WHAT YOU WILL DO — Below are the records; copy exactly the stretch from the line containing "A cartoon ghost" through the line containing "EG.PA vs ATK: Betting", both ends included, and nothing else.

THE DATA —
===

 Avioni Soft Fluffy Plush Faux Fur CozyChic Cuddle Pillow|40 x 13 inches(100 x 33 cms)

===

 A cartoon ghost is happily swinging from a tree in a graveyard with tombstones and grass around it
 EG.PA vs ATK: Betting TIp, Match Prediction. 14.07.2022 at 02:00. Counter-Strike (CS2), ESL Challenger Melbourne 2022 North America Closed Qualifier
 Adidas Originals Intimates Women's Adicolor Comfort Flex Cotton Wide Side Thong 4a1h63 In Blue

===

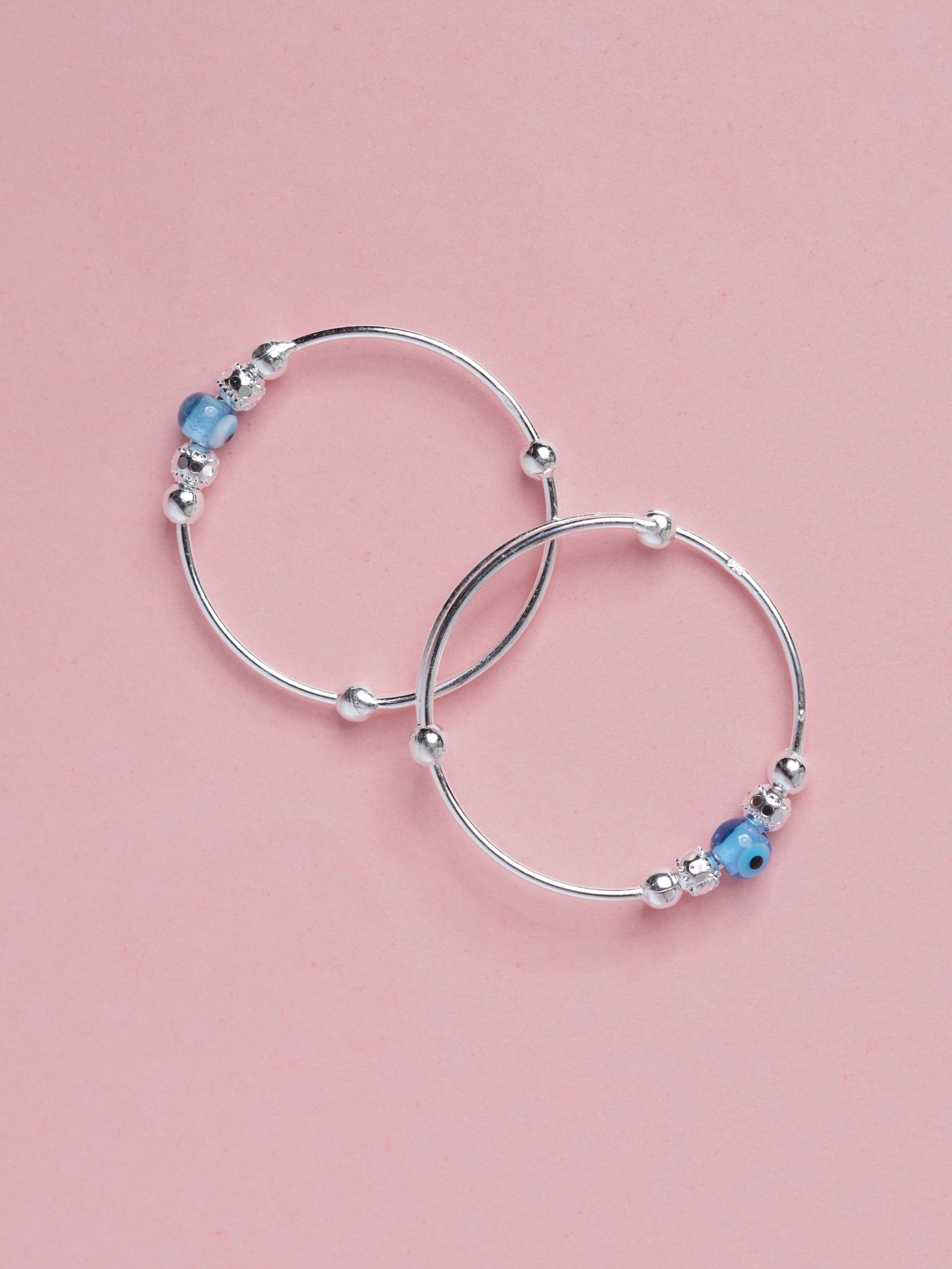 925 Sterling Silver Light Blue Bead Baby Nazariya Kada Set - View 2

===

RESULT FOR THIS EXERCISE —
 A cartoon ghost is happily swinging from a tree in a graveyard with tombstones and grass around it
 EG.PA vs ATK: Betting TIp, Match Prediction. 14.07.2022 at 02:00. Counter-Strike (CS2), ESL Challenger Melbourne 2022 North America Closed Qualifier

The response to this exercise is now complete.